The maximum torque you can use depends on the size, the surface of the
material you are bolting together, thread type etc.
The easiset way to find it is to look in the manufactores catalogue, here is
an example, in Swedish though, but it should be understandable
http://www.bulten-stainless.se/teknisk_3.htm

If you look at the top "Åtdragningsmoment Mv I Nm" recommended torque for
well oiled straight  surfaces.
Bumax109 is 10.9

"Brottkraft" is the force to break the bolt in kN
"Sträckkraft" is the force to stretch the bolt (making it longer) before it
breaks.

The sheer force depends on the bolt itself and the material you are bolting
together, although the bolt might take the sheer, it is not necessary that
the material will do.

You could probably use the formula for a rivet Ts=F/(n x (pi x d*d)/4)

Where Ts (tau-s) is the force in N/mm2, n number of surfaces, d is hole
diameter.

One more thing that complicates is the friction between the various
surfaces.

With best regards

Sweden

Verus Amicus Est Tamquam Alter Idem

> {Original Message removed}
Though I have numerous engineering books in the office here
I couldn't find the answer.
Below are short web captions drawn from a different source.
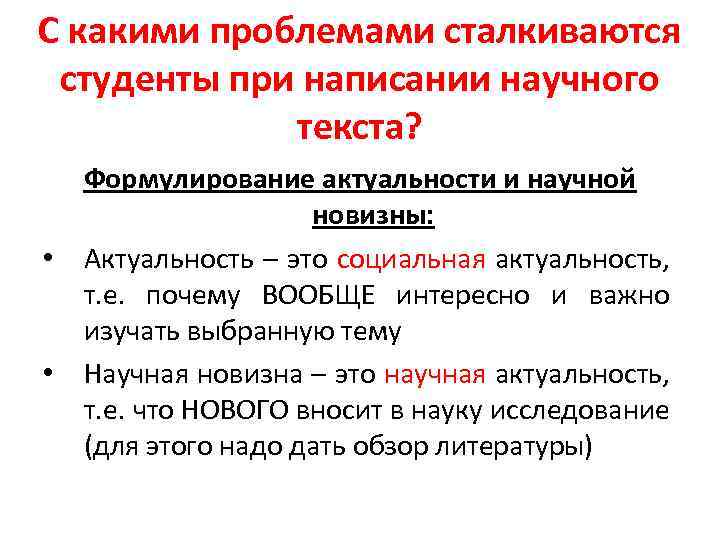 С какими проблемами сталкиваются студенты при написании научного текста? Формулирование актуальности и научной новизны: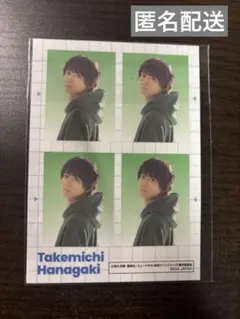 ミュージカル東京リベンジャーズ　リベミュ　東リベ　セガくじ　花垣武道　ステッカー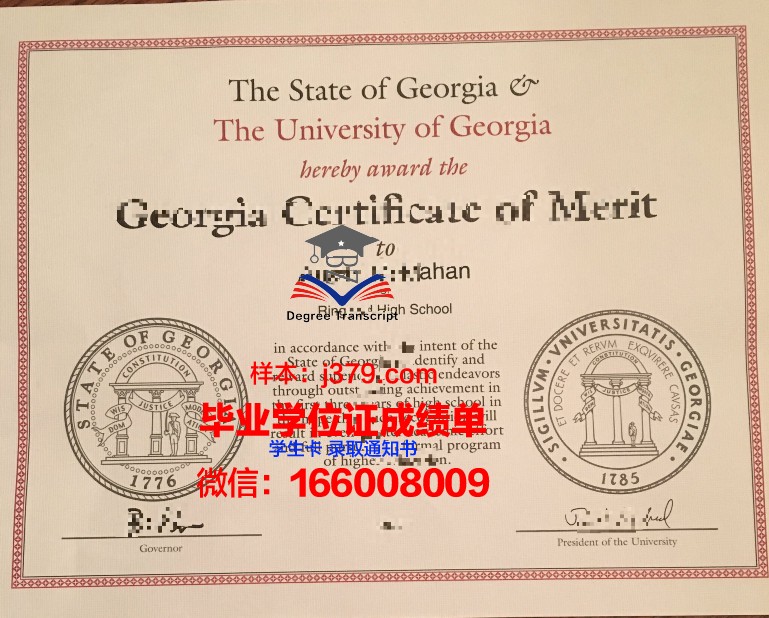佐治亚大学毕业证图片(佐治理亚理工学院学费)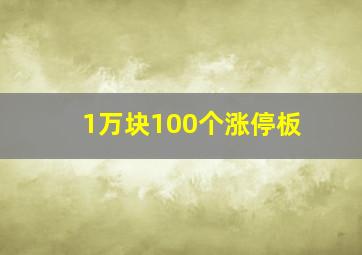 1万块100个涨停板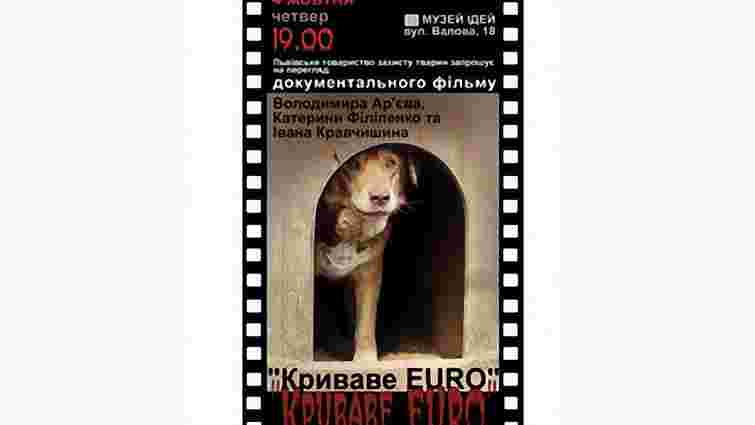 Сьогодні у Львові покажуть фільм на захист тварин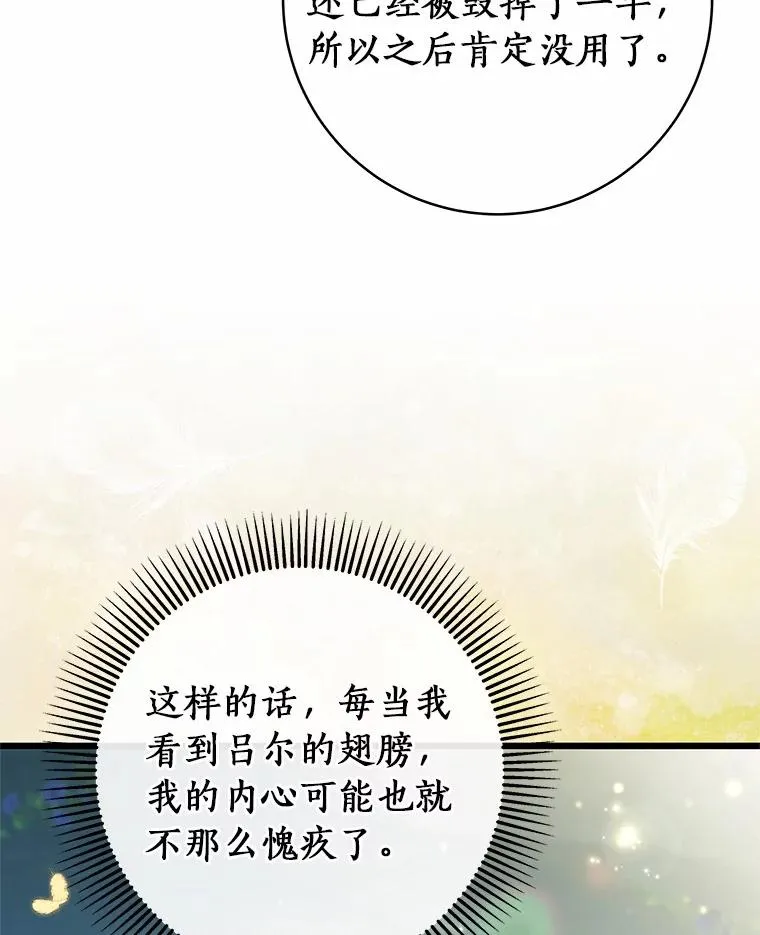 102.无法下手90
The only answer on the web I could
come up with is 30% of the ultimate tensile stress.
http://www.bigcee.com/reference.html He/she claims
to have data from the AIAA Design Handbook for Aerospace Engineers
of which I don't have a copy

YMMV
Peter van Hoof

----- Original Message ----
From: "Buehler, Martin" Martin.Buehlerkeymile.com

0.6 seems to be good for practical use.
unfortunately, i need to get the exact value for an M20 shaft screw,
with a shaft diameter of 21mm.
googling around, i wasn't able to get any info on something like that!
tino
Mike,

On Mon, 30 Jan 2006 11:55:27 -0000, Michael Rigby-Jones wrote:
>...
>  Note that in most assemblies, the plates will be clamped together and (at least some) shear stress will be
taken by the friction between the plates.
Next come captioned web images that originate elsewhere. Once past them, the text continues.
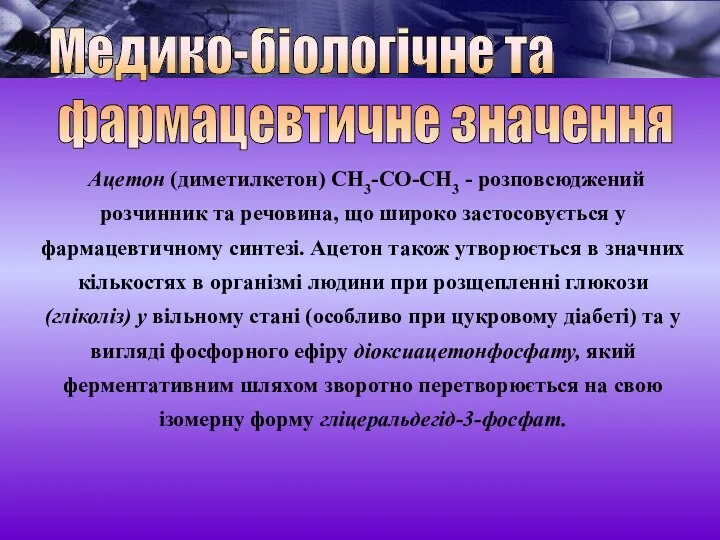 Ацетон (диметилкетон) СН3-СО-СН3 - розповсюджений розчинник та речовина, що широко застосовується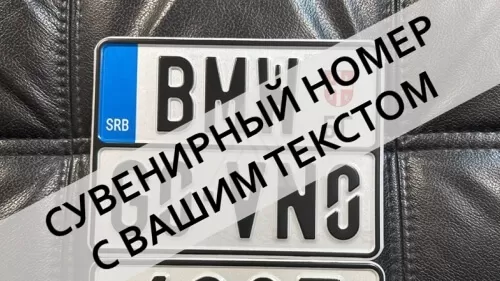 ����������� ���������� ������ ������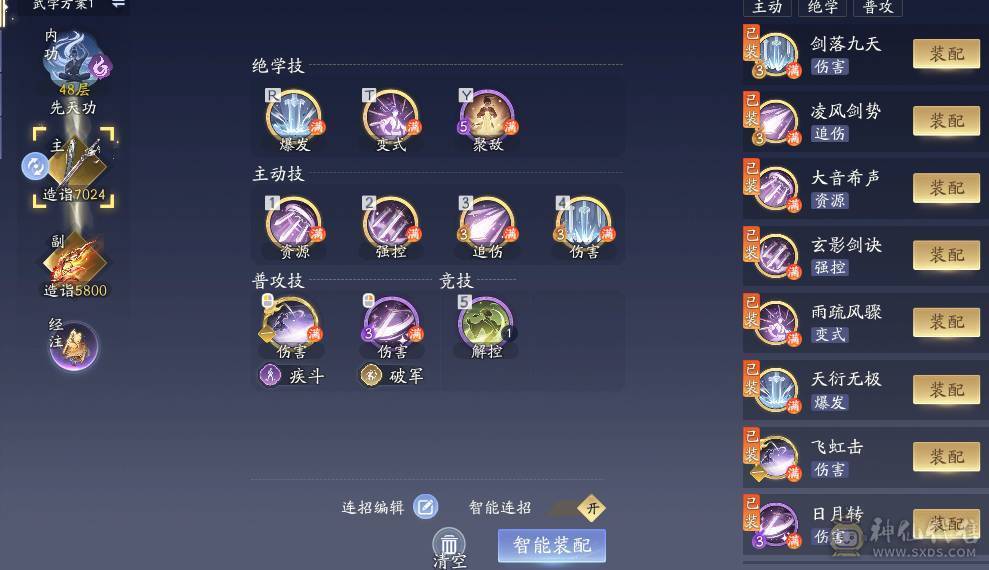 17.2W 进度号带百万银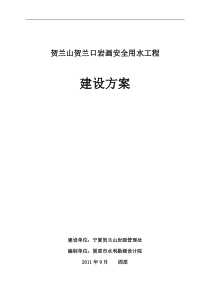 贺兰山贺兰口岩画管理区安全用水工程建设方案1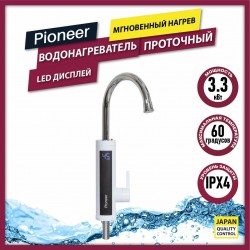 Кран нагрева электрический Pioneer WH660 (белый/черный)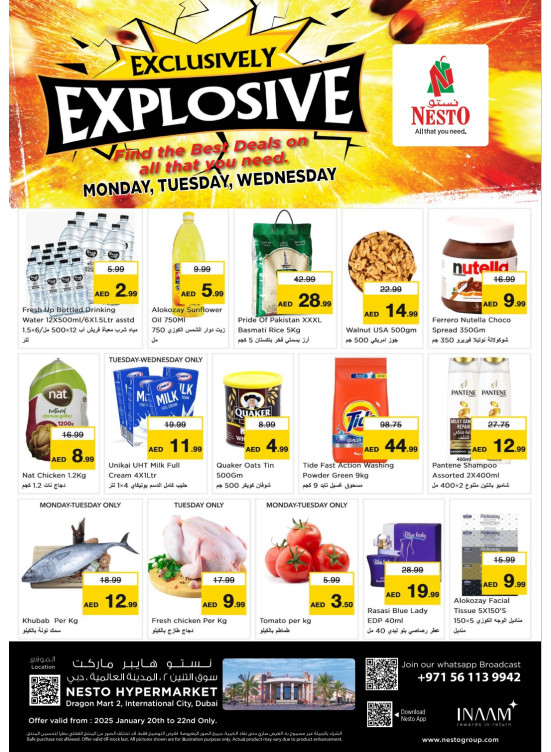 Midweek Deals - Dragon Mart 2, Dubai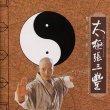 太极张三丰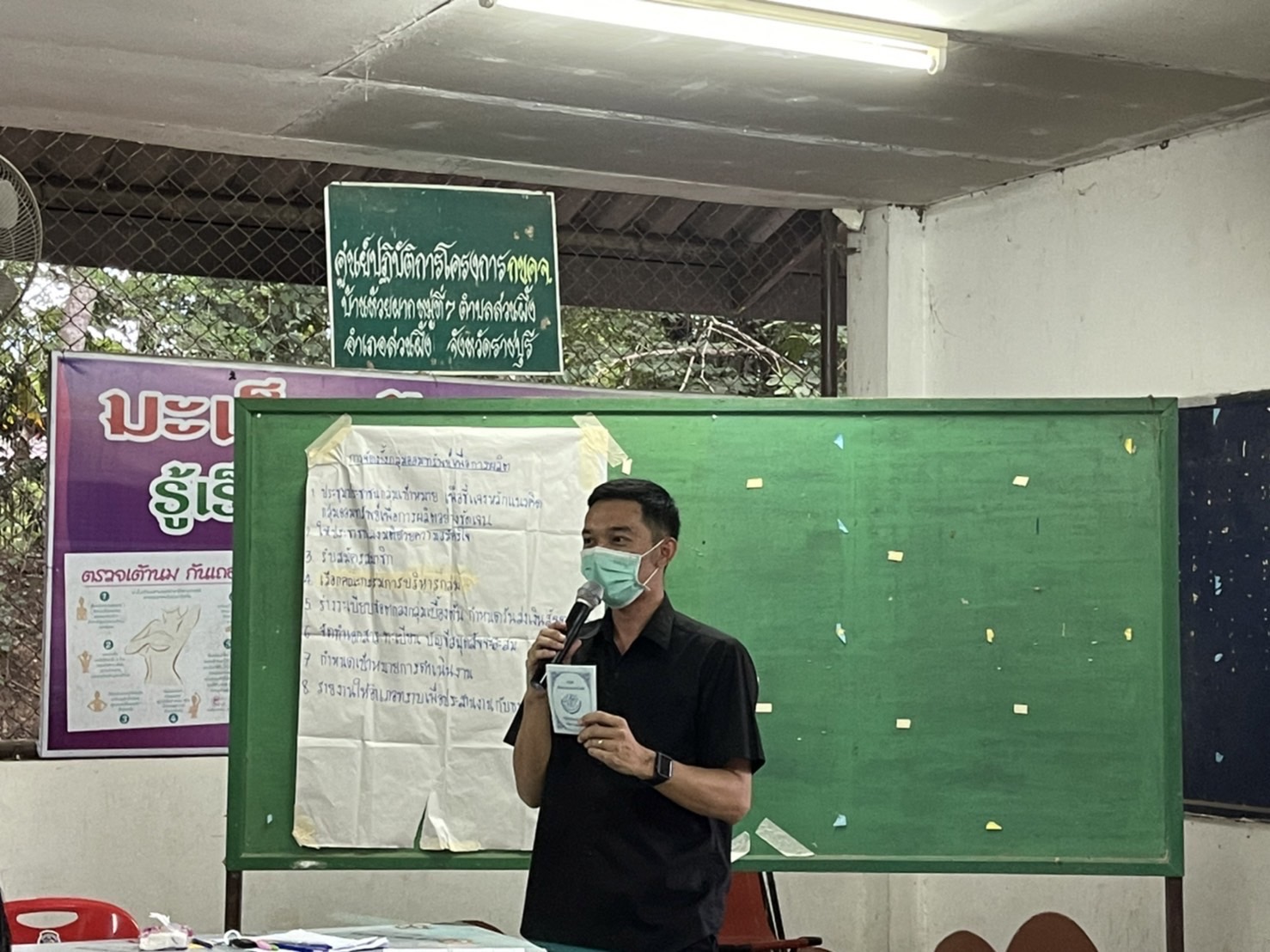 ? ข่าวประชาสัมพันธ์สำนักงานพัฒนาชุมชนอำเภอสวนผึ้ง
Indeed, up to and including all of it!  Steel-framed buildings are generally designed such that the bolts hold
the plates together, creating friction which takes the shearing loads.  Otherwise the bolts at the bottom of
(say) the Empire State Building would be taking the weight of the whole building, which is quite a tough job
for a bolt!  :-)

Cheers,

Howard Winter
St.Albans, England

> 0.6 seems to be good for practical use.
> unfortunately, i need to get the exact value for an M20 shaft screw,
> with a shaft diameter of 21mm.
> googling around, i wasn't able to get any info on something like
> that!

There *IS NO* exact value.
Reality varies.
What safety factor are you using?
Why?

RM

Russell McMahon wrote:

>> 0.6 seems to be good for practical use. unfortunately, i need to get the
>> exact value for an M20 shaft screw, with a shaft diameter of 21mm.
>> googling around, i wasn't able to get any info on something like that!
>
> There *IS NO* exact value. Reality varies. What safety factor are you
> using? Why?

Intuitively, I'd also say that it depends on the thickness of the pieces 1
and 2 (even though that's then not exactly shear stress, but they are shown
thin enough to possibly make this a factor).

BTW, where do you measure a diameter of 21 mm for an M20 thread? (It's
called M20 for a reason... :)  Check out thread geometry here for example
http://euler9.tripod.com/bolt-database/23.html

Gerhard

Sorry if I already posted this...

from the aerospace structural side of it....

1.  Get the maximum single shear strength of the fastener from the  vendor if possible.  If this data is not available, find the  material the fastener is made of, and obtain its Fsu (utimate shear  stress allowable, b-basis).  Multiply this by the fasteners cross  sectional area: P = Fsu *  pi * r^2 .  This will give you the  ULTIMATE single shear allowable of the fastener.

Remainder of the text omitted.